The Kyoto Protocol is not based on science, said George W. Bush. We will meet the challenge of climate change with clean coal, said John Howard. "The only difference between genius and stupidity," said Albert Einstein, "is that genius has its limits."

At the capsule hotel hive, almost two weeks of tiring work have finally caught up. I ward away sleep with a final effort and open my notebook. Hastily scribbled notes from the Kyoto conference leap out. Words of hope.

"We have no reason to wait," said Hiroshi Ohki, former environment minister of Japan and the president of the 3rd UN Conference of the Parties which gave birth to the climate treaty. "The entry into force of the Kyoto Protocol is an ideal start to protect the health of the planet. This is a day to renew our resolve."
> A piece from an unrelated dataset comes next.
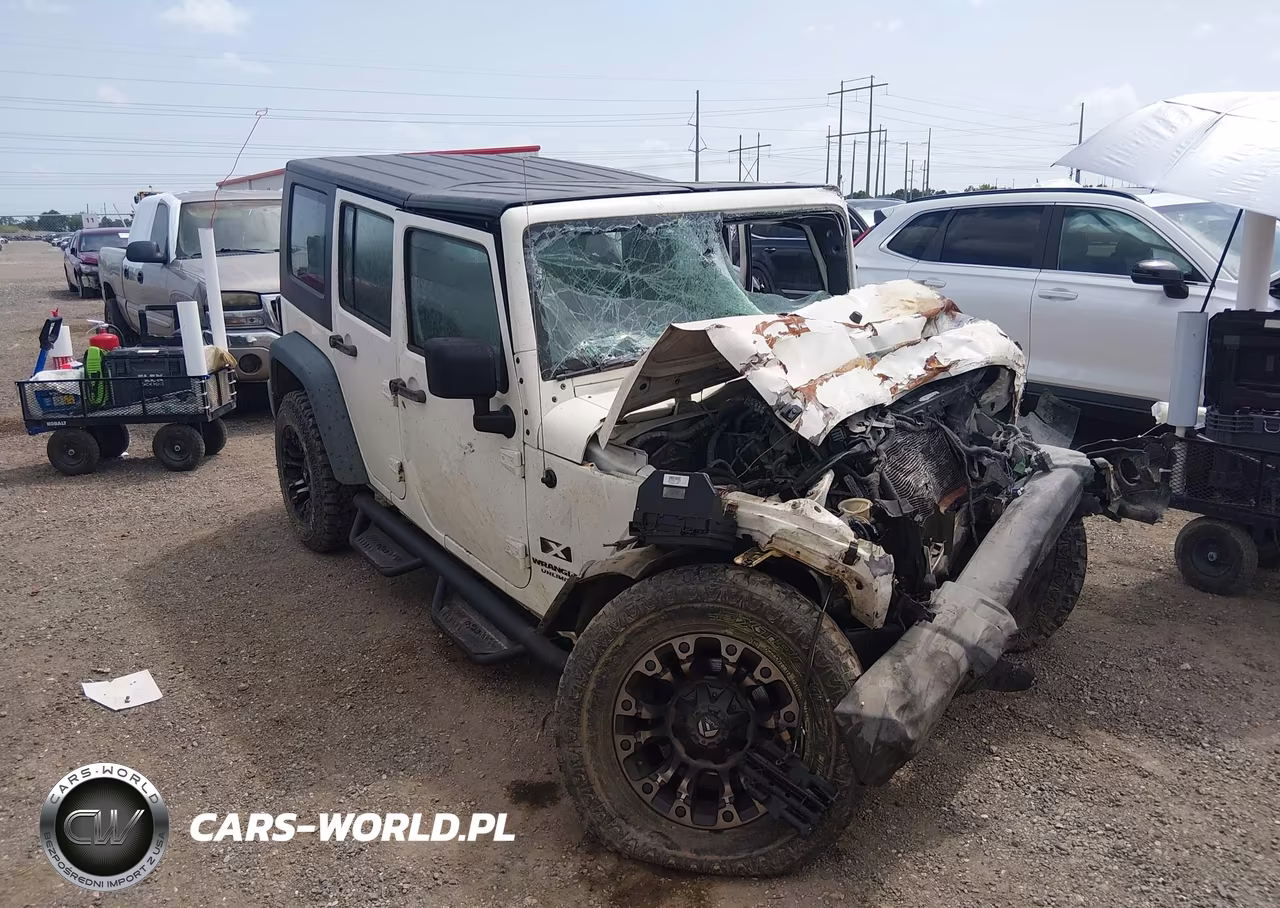 2009 Jeep Wrangler Unlimited X – zdjęcie 1 z 15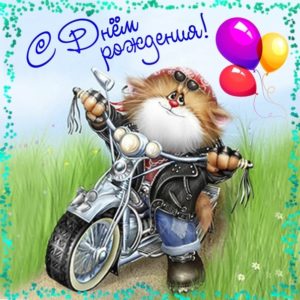 С днем рождения смешные, прикольные, веселые картинки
"We must believe in ourselves individually and collectively. Together we form a multitude," said the imposing Wangari Maathai, the Deputy Environment Minister of Kenya and recent recipient of the Nobel Peace Prize. Maathai exhorted the representatives gathered in the main hall of Kyoto's International Conference Center "to apply the precautionary principle and curb the rising tide. We are members of a generation that can still make a difference."

I stare at the strange low ceiling of the capsule room. Over a week of memories and more pass me by. The world stops turning and descends on my eyelids. I slip down into a shapeless, nameless void.